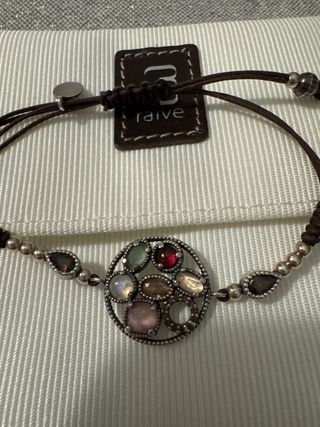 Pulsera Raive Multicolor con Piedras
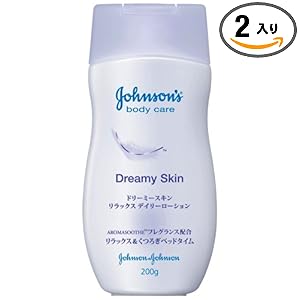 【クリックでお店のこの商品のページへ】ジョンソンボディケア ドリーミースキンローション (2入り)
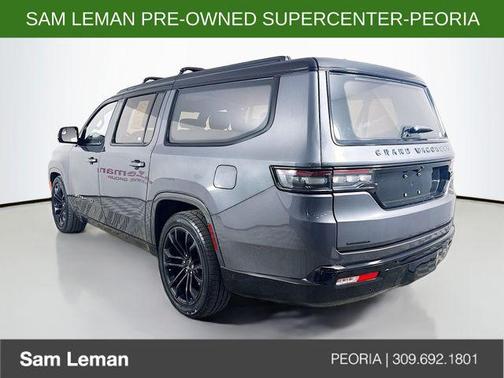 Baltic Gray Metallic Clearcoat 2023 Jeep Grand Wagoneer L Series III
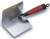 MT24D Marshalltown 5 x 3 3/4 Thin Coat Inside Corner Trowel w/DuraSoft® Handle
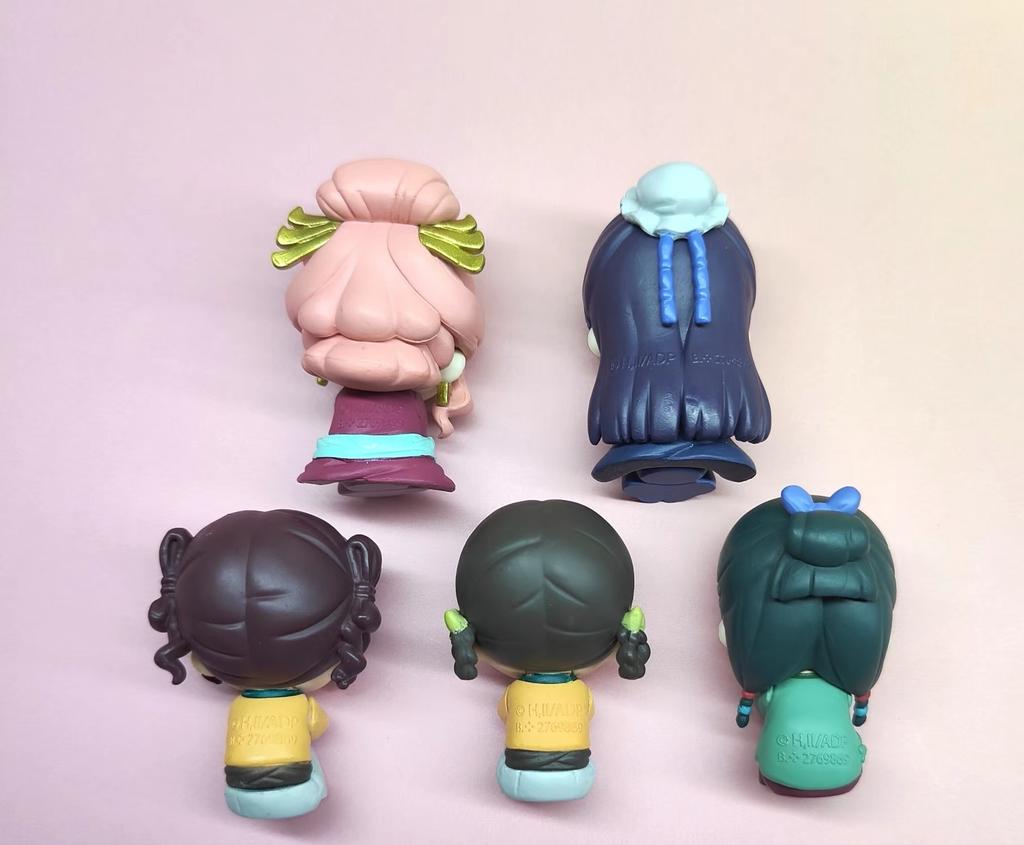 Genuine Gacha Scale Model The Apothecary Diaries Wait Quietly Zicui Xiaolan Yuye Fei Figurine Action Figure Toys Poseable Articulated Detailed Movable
· · · · · · ·
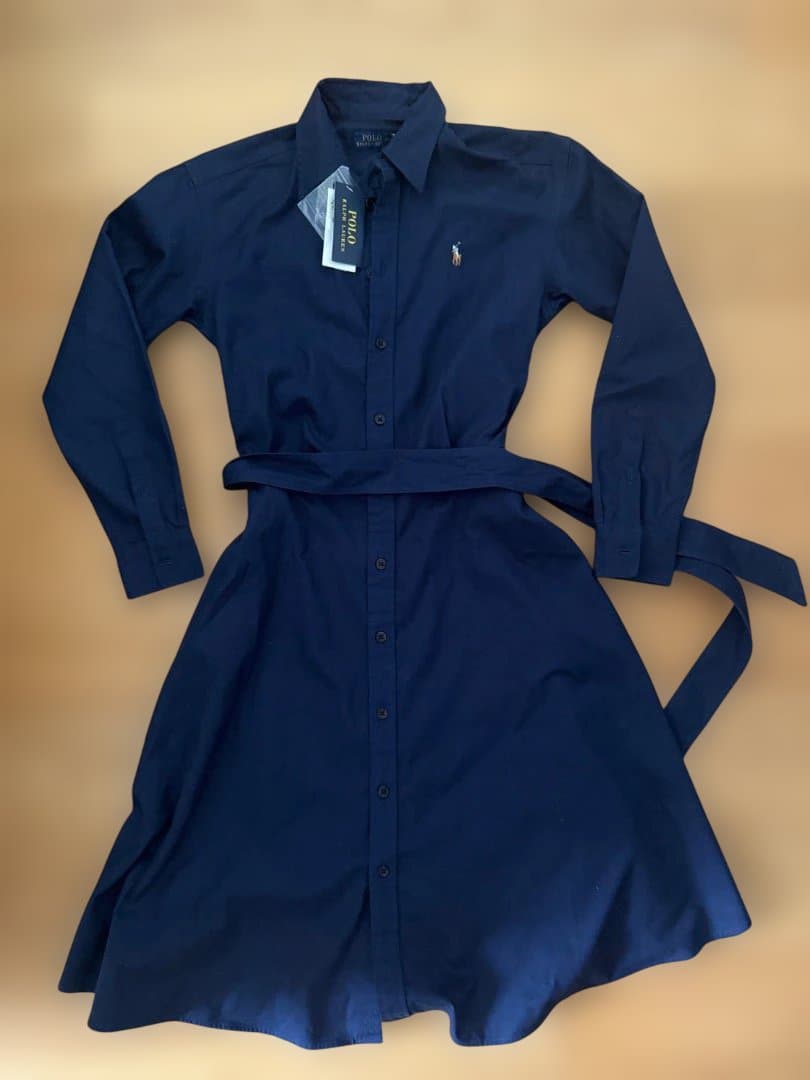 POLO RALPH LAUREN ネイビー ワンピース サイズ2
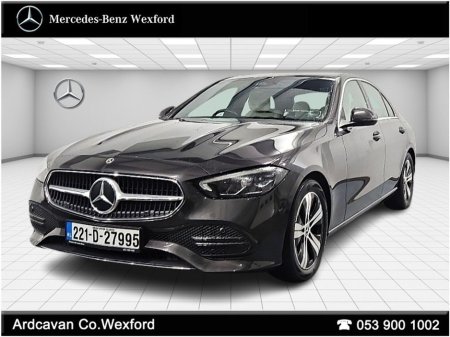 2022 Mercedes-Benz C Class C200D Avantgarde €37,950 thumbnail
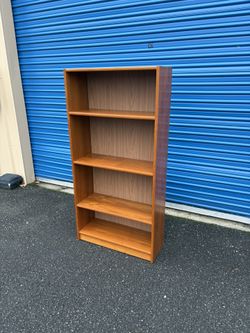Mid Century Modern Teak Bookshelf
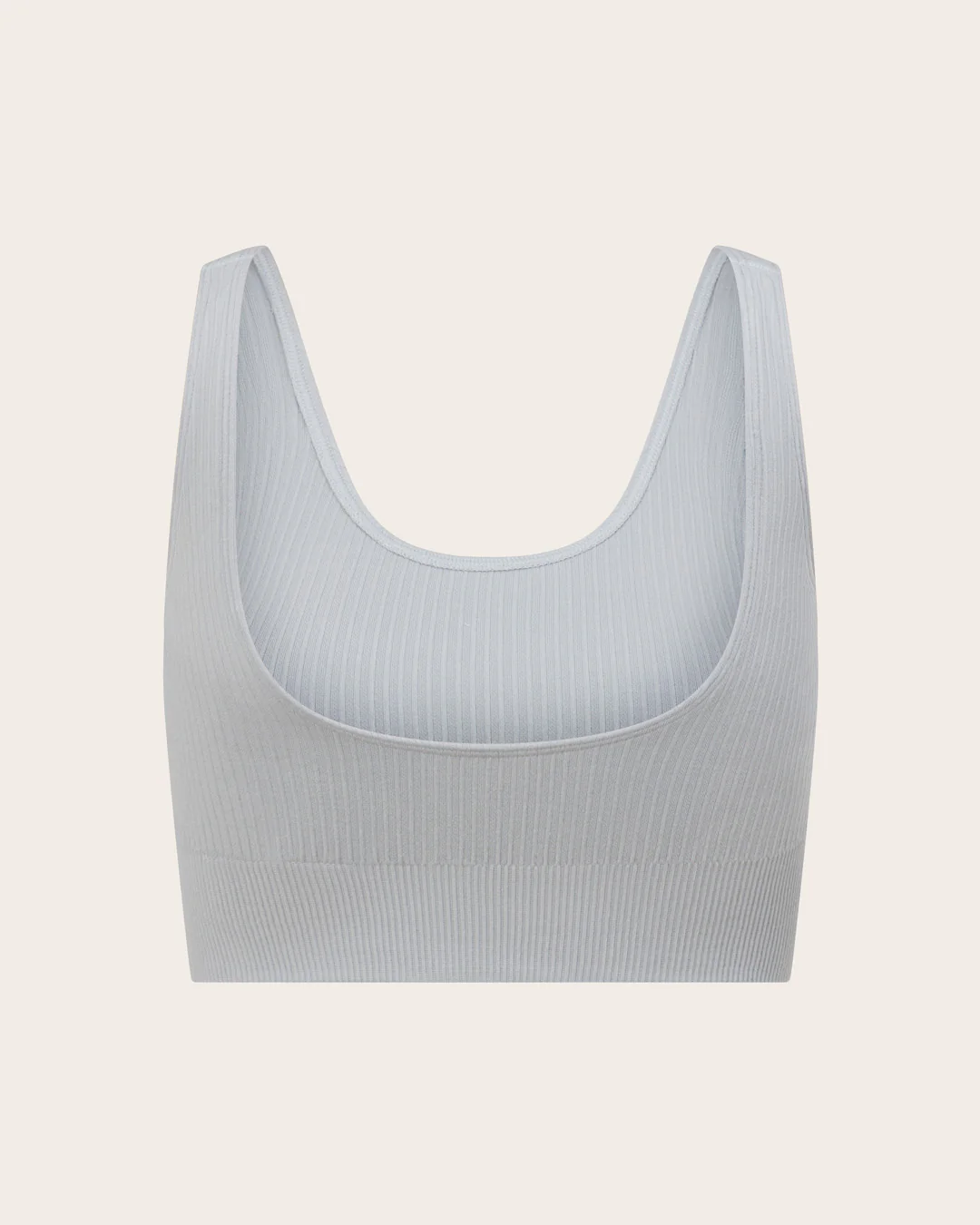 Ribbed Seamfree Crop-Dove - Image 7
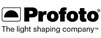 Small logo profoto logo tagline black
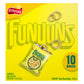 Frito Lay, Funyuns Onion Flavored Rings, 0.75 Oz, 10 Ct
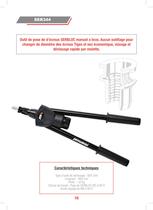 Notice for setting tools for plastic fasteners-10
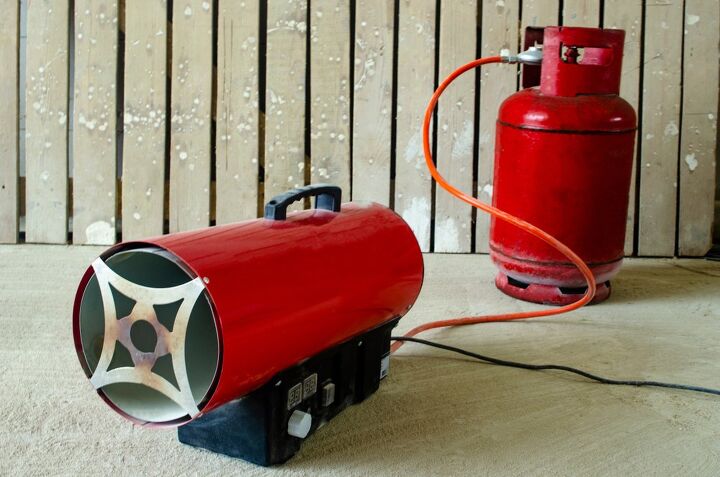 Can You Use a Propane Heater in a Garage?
· · · · · · ·
**What this task involves**. Text only, no pictures: please print exactly the lines above from the line with "Pulsera Raive Multicolor con Piedras" up to and including the line with "Genuine Gacha Scale", and nothing else.

**Result**.
 Pulsera Raive Multicolor con Piedras
 【クリックでお店のこの商品のページへ】ジョンソンボディケア ドリーミースキンローション (2入り)
 Baltic Gray Metallic Clearcoat 2023 Jeep Grand Wagoneer L Series III
 MT24D Marshalltown 5 x 3 3/4 Thin Coat Inside Corner Trowel w/DuraSoft® Handle
 Genuine Gacha Scale Model The Apothecary Diaries Wait Quietly Zicui Xiaolan Yuye Fei Figurine Action Figure Toys Poseable Articulated Detailed Movable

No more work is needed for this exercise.